2\. The moral choices we have are set by real rules or values, or in older terms, virtues, and so this is called Virtue ethics. It goes back a very long way.
3\. Moralities are socially invented and taught. This is called various things, but I will use the term Relativism, which is what it became called a century and a half ago.
The discipline of ethics is usually divided into four:
- Metaethics (the study of ethical systems and how ethics works)
- Prescriptive ethics (ethical systems that prescribe what is or isn't good to do)
- Descriptive ethics (the study of what ethics different groups have)
- Practical ethics (applied ethics, such as professional ethics, or medical ethics, etc.)
So, a particular ethical question might be dealt with in a prescriptive, realist and consequentialist fashion, or it might be relativist, descriptive virtue ethics, and so on. However, consequentialisms and virtue ethics tend to be realists about values, and prescriptive. Relativisms tend to be "antirealists", and can be either prescriptive (if you are a member of the right group), or descriptive (if you are an anthropologist, for example).
Now, there are many "ethical systems" about. Aristotle had one based on human nature and "flourishing". A later system is Utilitarianism (greatest good or least harm for the greatest number), which is fairly common these days. There are also systems based on politics, biology, religion, and so forth.
Some sources:
Mackie, J. L. Ethics: Inventing Right and Wrong. Penguin Philosophy. London: Penguin Books, 1990.
This is the book I used when I was doing my masters. Mackie is a clear writer, and takes a relativist position, known these days as "error theory" or the claim that we make a mistake when we think that values are facts of nature.

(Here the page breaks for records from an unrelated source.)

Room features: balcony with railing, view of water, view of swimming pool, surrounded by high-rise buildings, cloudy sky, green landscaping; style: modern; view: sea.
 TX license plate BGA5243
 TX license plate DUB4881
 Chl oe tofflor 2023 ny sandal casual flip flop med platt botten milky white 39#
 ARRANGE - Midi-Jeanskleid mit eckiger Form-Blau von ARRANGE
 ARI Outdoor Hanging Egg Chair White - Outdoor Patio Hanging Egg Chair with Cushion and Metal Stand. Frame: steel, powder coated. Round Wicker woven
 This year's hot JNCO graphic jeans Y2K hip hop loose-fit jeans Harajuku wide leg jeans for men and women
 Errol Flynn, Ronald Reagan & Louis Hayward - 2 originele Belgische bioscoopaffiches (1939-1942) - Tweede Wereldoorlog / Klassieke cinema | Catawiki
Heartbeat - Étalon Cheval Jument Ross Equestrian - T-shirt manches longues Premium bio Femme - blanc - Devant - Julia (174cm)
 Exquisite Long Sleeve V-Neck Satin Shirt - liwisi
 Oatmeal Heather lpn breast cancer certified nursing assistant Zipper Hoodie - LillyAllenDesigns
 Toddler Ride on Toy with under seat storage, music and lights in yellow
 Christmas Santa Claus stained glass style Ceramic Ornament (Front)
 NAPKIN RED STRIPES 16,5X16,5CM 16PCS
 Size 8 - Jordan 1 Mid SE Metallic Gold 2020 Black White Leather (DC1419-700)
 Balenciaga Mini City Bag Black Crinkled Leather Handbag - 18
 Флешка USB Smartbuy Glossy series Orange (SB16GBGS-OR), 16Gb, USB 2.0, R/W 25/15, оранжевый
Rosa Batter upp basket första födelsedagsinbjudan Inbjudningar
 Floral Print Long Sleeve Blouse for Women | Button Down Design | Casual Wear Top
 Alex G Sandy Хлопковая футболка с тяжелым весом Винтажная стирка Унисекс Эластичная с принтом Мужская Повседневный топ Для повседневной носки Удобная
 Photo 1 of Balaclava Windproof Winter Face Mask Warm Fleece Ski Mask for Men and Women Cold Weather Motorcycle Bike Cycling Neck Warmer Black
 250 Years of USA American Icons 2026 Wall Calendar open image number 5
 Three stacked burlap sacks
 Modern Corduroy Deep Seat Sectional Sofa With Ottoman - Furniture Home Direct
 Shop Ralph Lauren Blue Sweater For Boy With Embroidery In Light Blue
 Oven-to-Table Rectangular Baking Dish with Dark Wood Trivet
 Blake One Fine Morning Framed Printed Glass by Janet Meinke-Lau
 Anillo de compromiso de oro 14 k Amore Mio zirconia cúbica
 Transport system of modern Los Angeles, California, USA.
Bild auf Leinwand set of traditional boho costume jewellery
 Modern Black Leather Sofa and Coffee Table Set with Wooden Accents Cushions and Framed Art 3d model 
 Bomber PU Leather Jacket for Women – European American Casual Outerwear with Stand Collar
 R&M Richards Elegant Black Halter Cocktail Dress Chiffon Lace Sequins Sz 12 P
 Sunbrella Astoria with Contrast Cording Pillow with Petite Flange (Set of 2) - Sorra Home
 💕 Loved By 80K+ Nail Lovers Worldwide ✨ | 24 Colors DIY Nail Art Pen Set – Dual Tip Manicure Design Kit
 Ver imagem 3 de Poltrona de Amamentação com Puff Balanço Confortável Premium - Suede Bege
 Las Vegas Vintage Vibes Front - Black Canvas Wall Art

Blackburn, Simon. Ethics: A Very Short Introduction. United Kingdom: Oxford University Press, 2021.
Blackburn is a first class philosopher and a good writer, and this is indeed a very short introduction.
Smart, Jack J. C., and Bernard Williams. Utilitarianism for and Against. Cambridge, UK: Cambridge University Press, 1973.
Smart, a utilitarian, and Williams, who was not (and was a critic of philosophical systems in general) go at it in this classic. You should be able to find copies relatively cheaply second hand.